# Your instructions
Once you find the line containing "blue care baby bear yeti sticker" in the data below, copy it and each following line exactly, up to and including the line containing "Square Oriental Turquoise", and nothing else.

# Source material
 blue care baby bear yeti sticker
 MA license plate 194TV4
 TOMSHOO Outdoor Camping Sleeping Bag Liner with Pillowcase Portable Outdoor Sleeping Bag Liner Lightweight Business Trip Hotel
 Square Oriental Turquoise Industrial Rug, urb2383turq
--
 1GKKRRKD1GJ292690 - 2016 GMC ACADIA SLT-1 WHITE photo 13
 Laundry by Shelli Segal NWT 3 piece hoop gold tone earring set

# Response to this task
 blue care baby bear yeti sticker
 MA license plate 194TV4
 TOMSHOO Outdoor Camping Sleeping Bag Liner with Pillowcase Portable Outdoor Sleeping Bag Liner Lightweight Business Trip Hotel
 Square Oriental Turquoise Industrial Rug, urb2383turq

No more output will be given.